Gold Coast:  Manoj Kumar, whose ancestry goes back to the third battle of Panipat, is a rare Indian boxer to have claimed two Commonwealth Games medals. Manoj signed off with a bronze medal at the ongoing edition in the welterweight 69kg division after losing to England’s Pat McCormack last night.

Manoj Kumar, born 10 December 1986, is an Indian boxer who won a gold medal in the light welterweight division at the 2010 Commonwealth Games. He hails from the village of Rajound in the Kaithal district of Haryana.

His is a rare feat which has also been achieved by a certain Vijender Singh but minus the gold medal.

The 31-year-old Manoj’s many medals are punctuated by a number of stories of disappointment as well but his thoughts have never veered towards giving up, much like the small army of Marathas that fought the Afghan invaders way back in 1761.

“A Maratha in Haryana, how does that even sound?
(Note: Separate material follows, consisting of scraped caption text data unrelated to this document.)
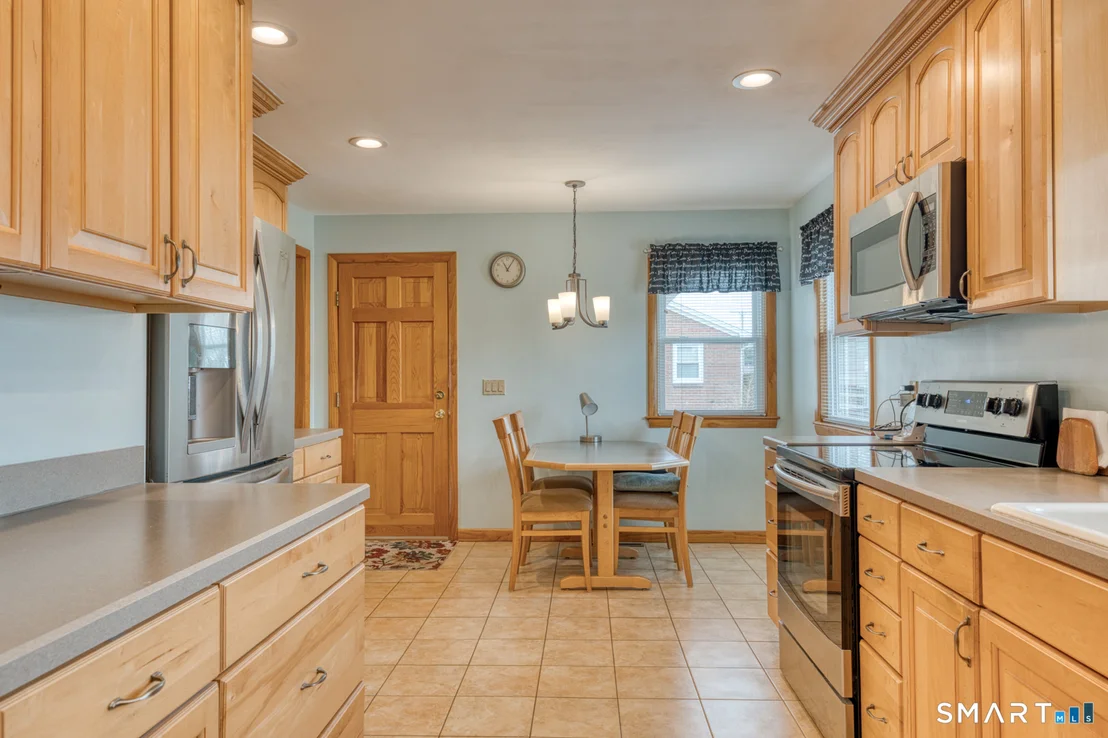 Photo of 116 Fairlawn Drive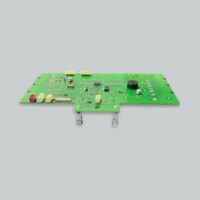 SOLDI.MX-TARJETA-DA41-00692B-1
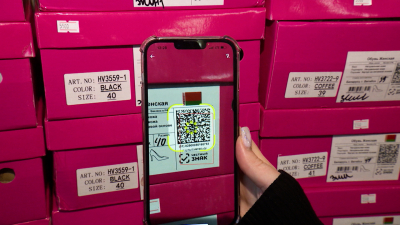 Какие изменения в обязательной маркировке товаров произошли с 1 марта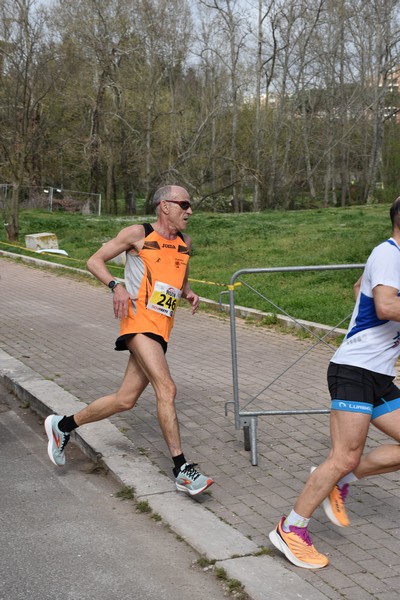 Talenti Run (24/03/2024) 0053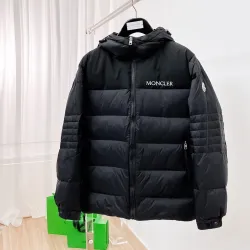 Moncler Coats/Down Jackets #B55694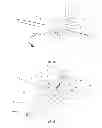 Fig. 02 - Aircraft wing flap device and method of operating the same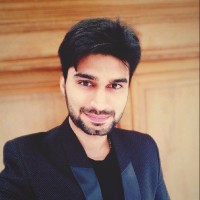 Muhammad Bilal BHATTI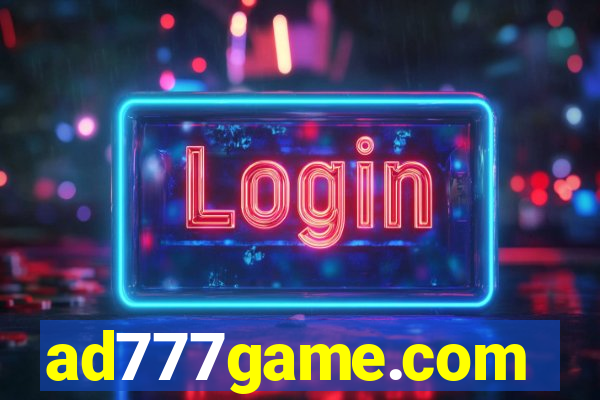 ad777game.com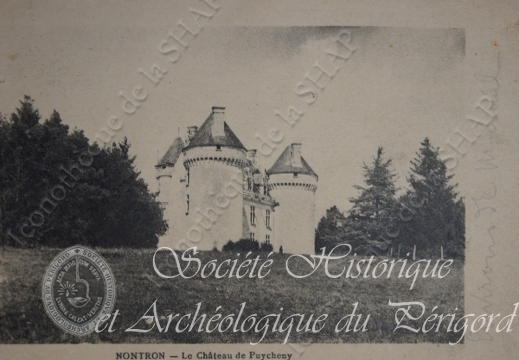champeaux005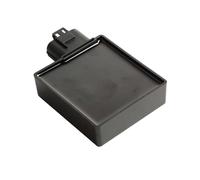 ignition CDI box CDI Box Carburetor KVB Igniter Ignition Unit Motorcycle Parts Accessories For Vario 110 Vario110 Click Techno CBS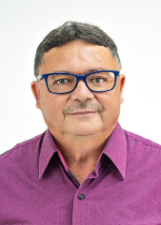 Foto de Geraldo Jorge Souza Sales
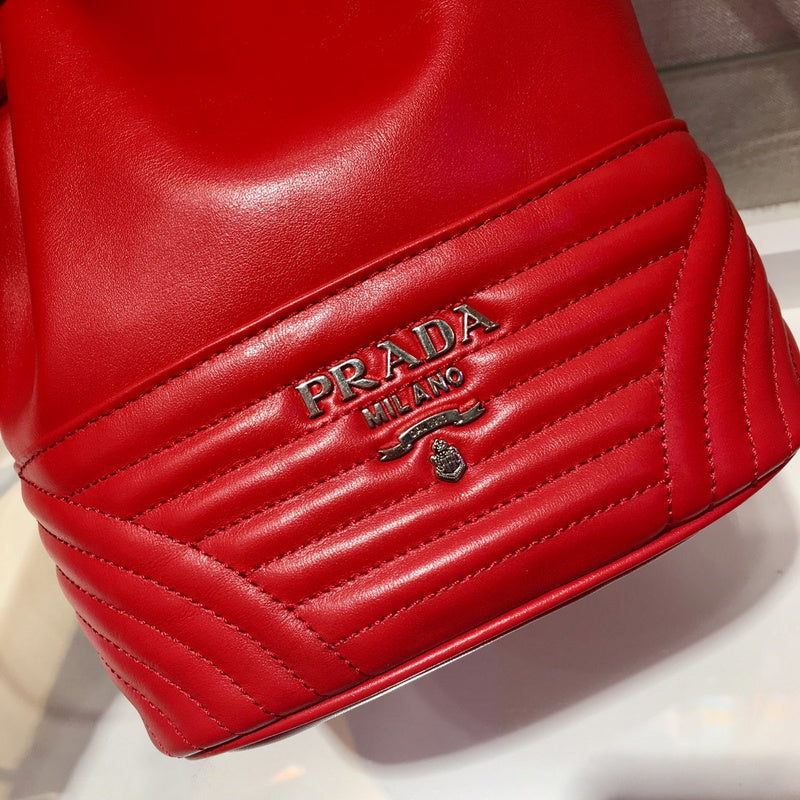 COZY BAGS - PD Bags - 1076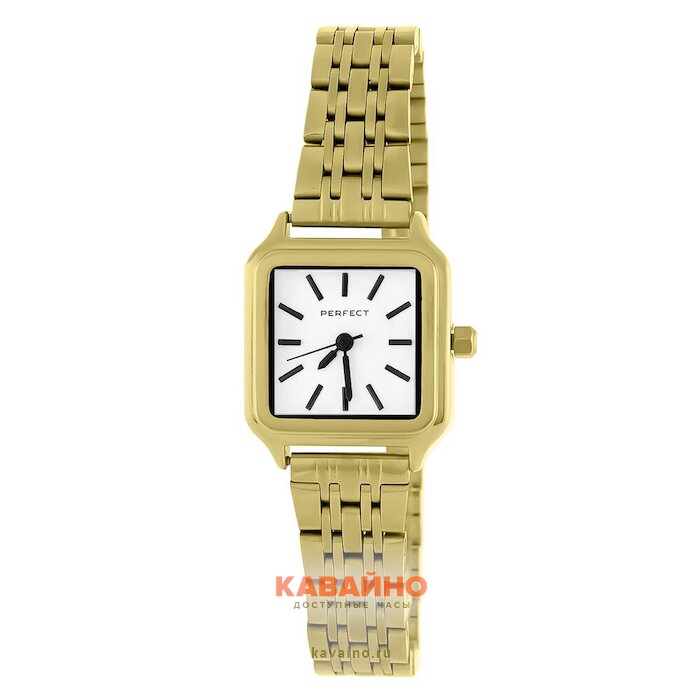 PERFECT S397-03 (фото 2)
I belong to the Ror community, descendants of the Maratha soldiers who fought Afghans during the battle of Panipat. Fighting spirit runs in my veins. Giving up is never ever an option for me,” said the two-time Asian Championships bronze-medallist.

The many battles of his life include fighting for a promotion with his employers the Railways Sports Promotion Board, something that was promised to him after the 2010 CWG gold but was never delivered.

Then there are the sponsors. Despite being one of India’s most consistent performers in the last decade, Manoj has never quite caught the eye of sponsors and he can’t understand why.

Even his Arjuna award in 2014 didn’t come without a fight. He had to move the court after being overlooked despite fulfilling the requisite criteria as per a points system put in place by the Sports Ministry.

“I have only my elder brother and coach Rajesh as my support system professionally. I am not somebody who warms up easily to anyone,” a surprising comment from someone who is a player’ representative in the Boxing Federation of India’s executive committee.

He has represented India twice in the Olympics, losing in pre-quarters on both occasions but not without delivering his signature give-it-all performances. That has, in fact, been a hallmark of his career.